*What needs to be done*
Would you retype, word for word, the line with "Australian Shepherd Ornament, Personalized" and each line after it to the end of the entries below, leaving the pictures out?

★ ★ ★ ★

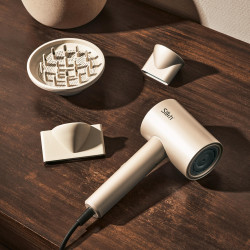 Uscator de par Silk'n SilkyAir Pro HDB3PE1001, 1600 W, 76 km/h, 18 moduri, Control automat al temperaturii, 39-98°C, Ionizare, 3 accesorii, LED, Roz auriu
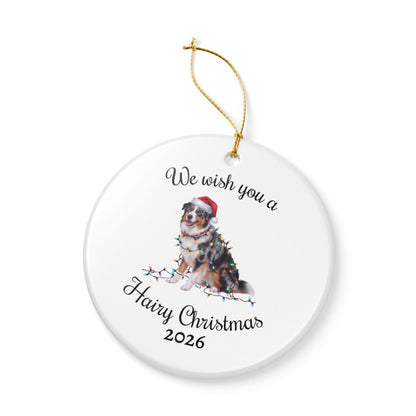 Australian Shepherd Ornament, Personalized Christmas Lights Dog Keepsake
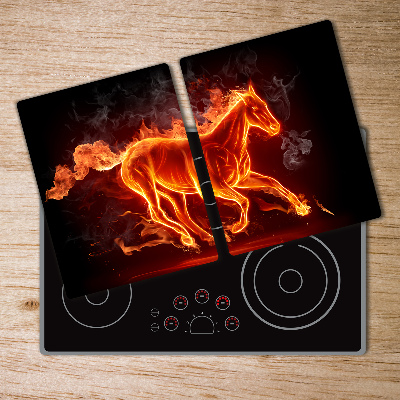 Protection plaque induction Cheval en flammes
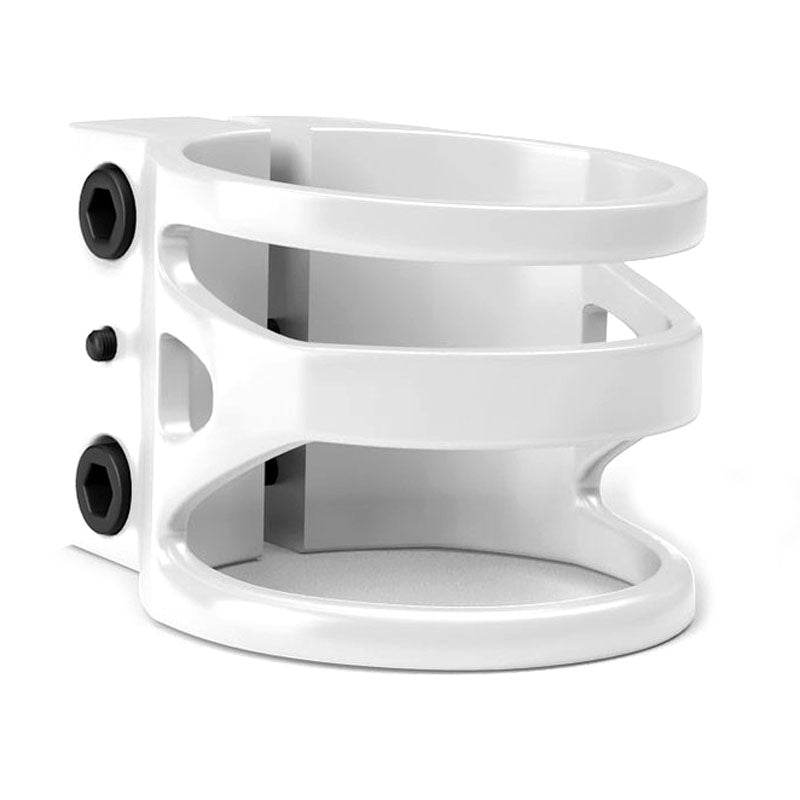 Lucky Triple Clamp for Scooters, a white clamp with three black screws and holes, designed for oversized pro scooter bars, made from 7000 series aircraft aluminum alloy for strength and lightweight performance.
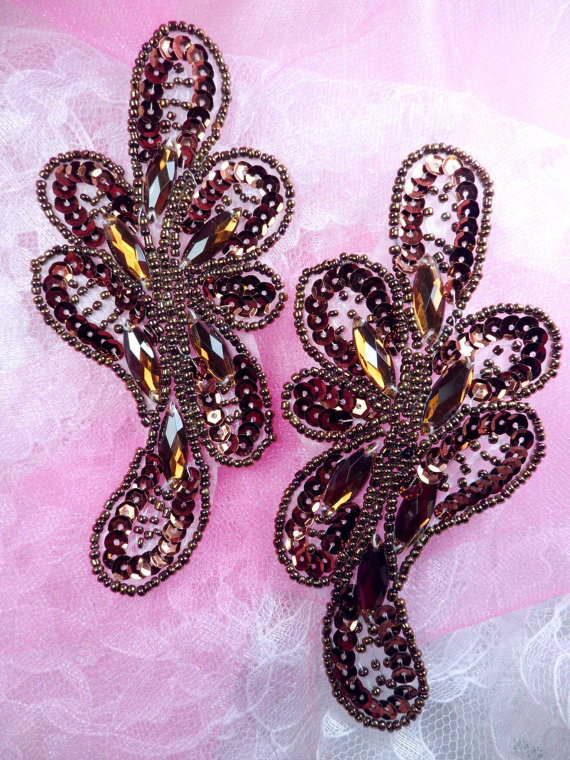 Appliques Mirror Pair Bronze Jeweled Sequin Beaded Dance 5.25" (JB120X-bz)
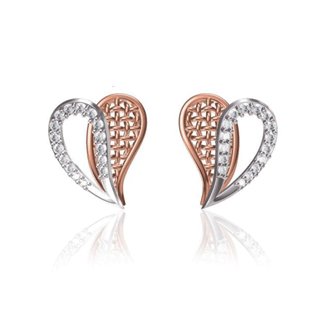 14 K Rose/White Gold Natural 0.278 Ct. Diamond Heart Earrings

★ ★ ★ ★

*Finished exercise*
 Australian Shepherd Ornament, Personalized Christmas Lights Dog Keepsake
 Protection plaque induction Cheval en flammes
 Lucky Triple Clamp for Scooters, a white clamp with three black screws and holes, designed for oversized pro scooter bars, made from 7000 series aircraft aluminum alloy for strength and lightweight performance.
 Appliques Mirror Pair Bronze Jeweled Sequin Beaded Dance 5.25" (JB120X-bz)
 14 K Rose/White Gold Natural 0.278 Ct. Diamond Heart Earrings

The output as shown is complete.